DVD Recorders: Getting Started

By: Bear Cahill

Bells and Whistles

The VHS option is not bad, but you most likely already have one you can plug into the inputs of the DVD recorder.

I have a DVD recorder for archiving TiVo shows as opposed to accessing my TiVo from my PC. This is nice because it means I can also archive VHS tapes, camcorder tapes, etc. w/no extra work.

I do have a TV card in my PC so I can do this, but using the DVD recorder is easier.

My motto is: buy what you WILL use and not what you CAN use.

I've bought lots of things that CAN do a lot, but in reality I don't use all the extra features. Not in all cases, but in this case, I say pass on the bells and whistles.

Again, there are models w/ all types of features, but if you buy one that is a DVR, DVD recorder, VCR, TV tuner all in one and one part breaks, it's all broke.

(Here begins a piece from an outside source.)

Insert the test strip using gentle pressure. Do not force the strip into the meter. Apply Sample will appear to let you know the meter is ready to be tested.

Realize Something About Technology

Remember - this is new technology and will only get better and cheaper. If you buy the top of the line today, it's going to be out of date and/or cheap tomorrow. Test the waters w/ a 'good' model and upgrade when the time is right.

Editing Your Recordings

Chances are - you won't. It's a pain for the most part and usually requires DVD-RAM or DVD-RW discs to do it and they're more expensive.

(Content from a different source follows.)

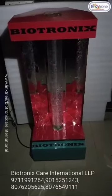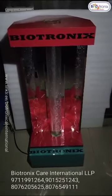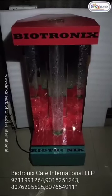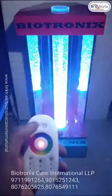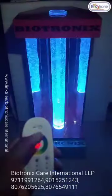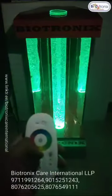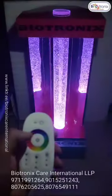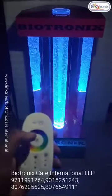This is Biotronics bubble tube with me here. You can switch on the scene, you can adjust the colors — purple, blue, yellow, red, sky blue.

If you have a lot of free time for this, you're a rare person.

I was looking for this type of solution in getting ready for having a baby and I knew I wasn't going to be sifting through and editing hours of video.

If you're really interested in editing, look in to PC options. Pinnacle, ArcSoft, Adobe, etc. - they have good solutions for that.

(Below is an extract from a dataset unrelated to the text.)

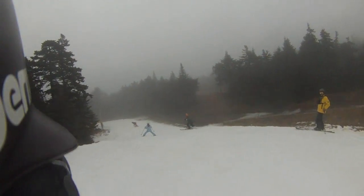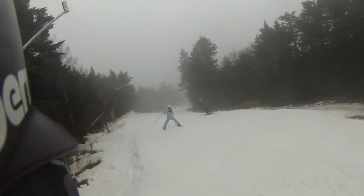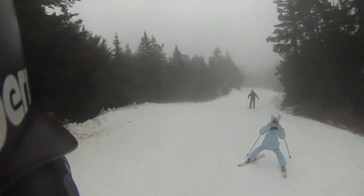We got some safety people out here because we got the little guys out skiing, and this is way over this person's head.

DVD+R, DVD-R, DVD-RAM, DVD-RW

DVD+R and DVD-R are like VHS and Beta: they're both ok right now, but eventually we'll probably land on one or the other. It seems to be leaning towards DVD-R which tend to be less expensive also.

Many recorders and players do both, but cost more. I say save some money, pick one (probably DVD-R) and move on. If you pick the wrong one, chances are in a couple years you'll be buying a new one anyway. Moreover, you'll probably be able to get a cheap one w/ a built in converter or two trays to duplicate one to the other.

DVD-RAM and DVD-RW are the rewritable types. They're more expensive and for my purposes aren't worth worrying about.

My Recommendation

I got the Panasonic DMR-E55K:

It records to DVD-R like a VCR. I don't use it to record live TV so I don't use VCR+, but it has it. Also, it has TimeSlip which lets you watch something while it's recording (start recording "24" at 8pm and start watching it from the begining at 8:20 to speed thru commercials like a TiVo). Again, I don't use this, but it has it.

Plain and simple, it records my TiVo, camcorder, digital camera (RCA cable output), VCR, etc. to DVD - that's what I want it to do and that's what it does. It's easy, creates a good menu w/ thumbnails and my chosen titles, it's a name brand w/ good reviews and was fairly cheap (there was a rebate at the time).

Also, it plays CDs and mp3 CDs w/ a good interface so not only does it replace a CD player, but since you can put so many songs on one CD, it replaces a CD changer.

An interesting trick: If you have a digital camera w/ RCA cable output, you can hook it directly into the dvd recorder and create a quick slide-show dvd. Many cameras even have a slide show function built in! You can use the sound from a music channel, CD, etc.

Summary

If you're going gung-ho into all the nitty gritty about DVD recorders, you're either just starting here or haven't bothered to read this far. If you're looking for a good, relatively cheap solution to digitize your tapes, archive TiVo, etc., I recommend the Panasonic DMR-E55K.